In vielen Augen, gerade in
den ärmeren und mittleren sozialen Klassen, ist es eher
„IBK“, den man aufgrund seiner Vergangenheit wahlweise
als vertrauenswürdig oder zumindest als das famose
„kleinere Übel“ – mit dem auch in Mali politische
Entscheidungen begründet werden – betrachtet. Der
68jährige Keïta war von 1994 bis 2000 Premierminister
des Landes, damals unter dem Vorgänger von „ATT“ als
Präsident, also unter Alpha Oumar Konaré – dem ersten
demokratisch gewählten Staatsoberhaupt nach dem Sturz
der von 1968 bis 1991 herrschenden Militärdiktatur unter
Moussa Traoré durch eine Jugendrevolte.
Der Name dieses ersten
Präsidenten der malischen „Dritten Republik“ wird jedoch
auch mit einer Privatisierungswelle unter dem Druck des
Internationalen Währungsfonds, zahlreichen vernichteten
Arbeitsplätzen und dem Beginn der Korruption in
Verbindung gebracht. „IBK“ verstand es demgegenüber,
einen vergleichsweise „sauberen“ Eindruck im Umgang mit
den öffentlichen Finanzen und einer geringen
persönlichen Korrumpierbarkeit zu hinterlassen. 2002
trat er als Gegenkandidat zum damals gewählten
Staatschef „ATT“, aber auch – damals schon – gegen
Soumalïa Cissé zur Präsidentschaftswahl an und landete
hinter den beiden auf dem dritten Platz.
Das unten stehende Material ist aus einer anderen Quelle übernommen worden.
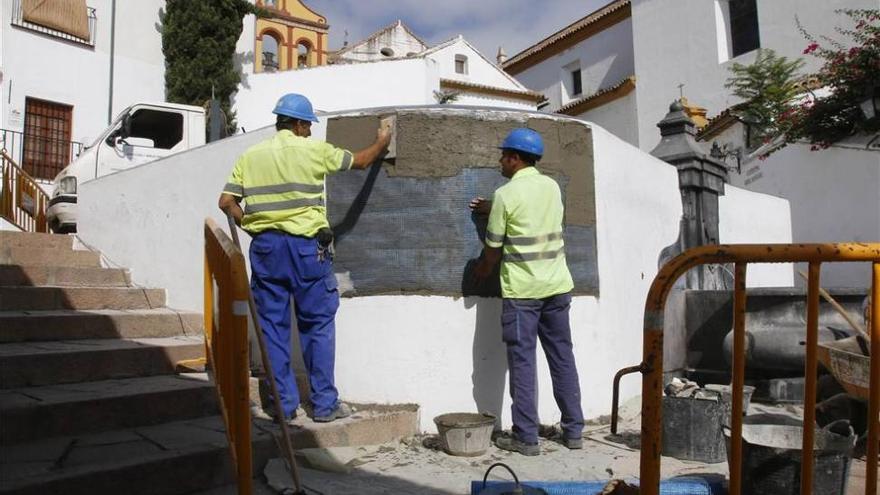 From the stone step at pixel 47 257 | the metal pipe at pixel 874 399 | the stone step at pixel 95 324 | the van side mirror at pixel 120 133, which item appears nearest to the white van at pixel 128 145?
the van side mirror at pixel 120 133

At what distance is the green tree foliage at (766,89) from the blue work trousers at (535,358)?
1101cm

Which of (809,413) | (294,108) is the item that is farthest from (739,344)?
(294,108)

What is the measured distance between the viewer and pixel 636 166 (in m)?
5.44

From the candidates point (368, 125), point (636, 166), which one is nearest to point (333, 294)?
point (368, 125)

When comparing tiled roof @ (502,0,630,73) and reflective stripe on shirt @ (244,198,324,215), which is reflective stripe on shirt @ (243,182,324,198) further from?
tiled roof @ (502,0,630,73)

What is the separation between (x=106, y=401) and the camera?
339 centimetres

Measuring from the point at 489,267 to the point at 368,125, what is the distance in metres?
1.27

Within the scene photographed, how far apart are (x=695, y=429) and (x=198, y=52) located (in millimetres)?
16937

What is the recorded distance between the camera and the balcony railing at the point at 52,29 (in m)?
14.7

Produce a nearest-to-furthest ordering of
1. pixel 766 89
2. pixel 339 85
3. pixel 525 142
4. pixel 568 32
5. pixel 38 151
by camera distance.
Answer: pixel 525 142, pixel 38 151, pixel 766 89, pixel 339 85, pixel 568 32

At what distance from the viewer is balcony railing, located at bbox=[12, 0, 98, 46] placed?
48.2 ft

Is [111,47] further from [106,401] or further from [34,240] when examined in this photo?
[106,401]

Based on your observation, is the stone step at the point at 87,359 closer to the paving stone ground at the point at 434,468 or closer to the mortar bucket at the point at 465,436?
the paving stone ground at the point at 434,468

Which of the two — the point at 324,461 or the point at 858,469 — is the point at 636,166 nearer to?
the point at 858,469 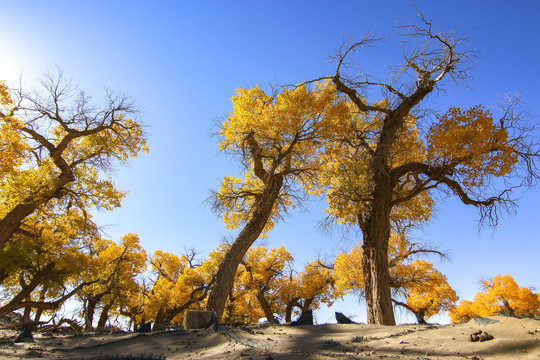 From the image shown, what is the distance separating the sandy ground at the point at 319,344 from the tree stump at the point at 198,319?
55cm

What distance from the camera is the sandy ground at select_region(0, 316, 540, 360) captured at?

In der
Folgezeit amtierte er als Parlamentspräsident und war
als solcher in die ersten fünf Jahre der „Ära ATT“
verstrickt, konnte aber auf seinem Posten von der
sichtbaren Korruption in den Ministerämtern relativ
unberührt bleiben. Seit 1999 war „IBK“ ferner
Vizepräsident der so genannten Sozialistischen
Internationalen. Insbesondere in Afrikas, wo etwa auch
die früheren Staatsparteien unter Ben Ali in Tunesien
und Mubaraks in Ägypten der SI angegliedert waren, hat
dies jedoch kaum eine inhaltliche Bedeutung.
Im diesjährigen Wahlkampf
trat „IBK“ mit dem Versprechen an, eine „Vierte
Republik“ in Mali zu begründen, deren Konturen oft eher
unscharf blieben. Die erste Republik war jene des
sozialistisch und antikolonial inspirierten, auf
„Blockfreiheit“ pochenden Präsidenten Modibo Keïta von
1960 bis 1968, als zweite wird die nachfolgende
Militärdiktatur mit französischer Unterstützung
bezeichnet, und die dritte begann nach dem Aufstand von
Ende März 1991. Letztere hat heute in den Augen vieler
Malierinnen und Malier total abgewirtschaftet. Aufgrund
von Korruption, mafiösen Tendenzen und des Gefühls,
durch die alte Elite gegen Warlords – mit letzteren wird
in breiten Kreise die separatistische und in den
Trans-Sahara-Handel mit Drogen verstrickte
Tuaregbewegung MNLA assoziiert – und Jihadisten im Stich
gelassen worden zu sein, wird ein Neuanfang allgemein
erwünscht. Aus diesem Grund traf die Rhetorik des
Kandidaten „IBK“ auf ein relativ breites Echo.
Das Votum gegen ihn war
dabei in erster Linie eines gegen die „alten Mächte“,
die in vielen Augen auch durch Soumalïa Cissé mit
verkörpert werden. Selbst wenn dieser Kandidat sich gar
zu gern selbst als Kandidat des „Bruchs mit dem Alten“
darstellte – aber im Namen einer „Modernität“, die in
erster Linie das Synonym für Privatisierungen und die
Reduzierungen öffentlicher Ausgaben schien, wofür er im
Gegenzug „die Schaffung von Arbeitsplätzen“ versprach.
Das Spiel zwischen den
beiden Wahlgängen, als die in der ersten Runde
gescheiterten Kandidaten nacheinander ihre
Stimmempfehlung für die zweite bekannt gaben, bestätigte
dies für viele Malier. Zwar unterstützte eine deutliche
Mehrheit der ausgeschiedenen Bewerber, über 20, die
Kandidatur von „IBK“. Doch ausgerechnet einer der
verhasstesten Kandidaten, Modibo Sidibé, als früherer
Premierminister in ziemlich breiten Kreisen als
„herausragender Dieb“ verschrien, rief als einer von
wenigen zur Wahl Cissés auf. Die stärkste Partei des
Landes, die „Demokratische Aktion für Mali“ (ADEMA) –
entstanden kurz vor der Demokratisierung von 1991, und
danach an vielen Regierungen beteiligt – ihrerseits
spaltete sich auf. Ihr Präsidentschaftskandidat Dramane
Dembélé, er erhielt gut neun Prozent, sowie viele
regionale Verbände und die Parteijugend unterstützten
„IBK“. Dagegen rief Parteichef Dioncounda Traoré, der
zugleich von April 2012 bis jetzt Interimspräsident war,
zur Wahl Cissés auf.
Widersprüchliche Erwartungen und auseinanderstrebende
Kräfte bezogen sich in den letzten Wochen auf „IBK“.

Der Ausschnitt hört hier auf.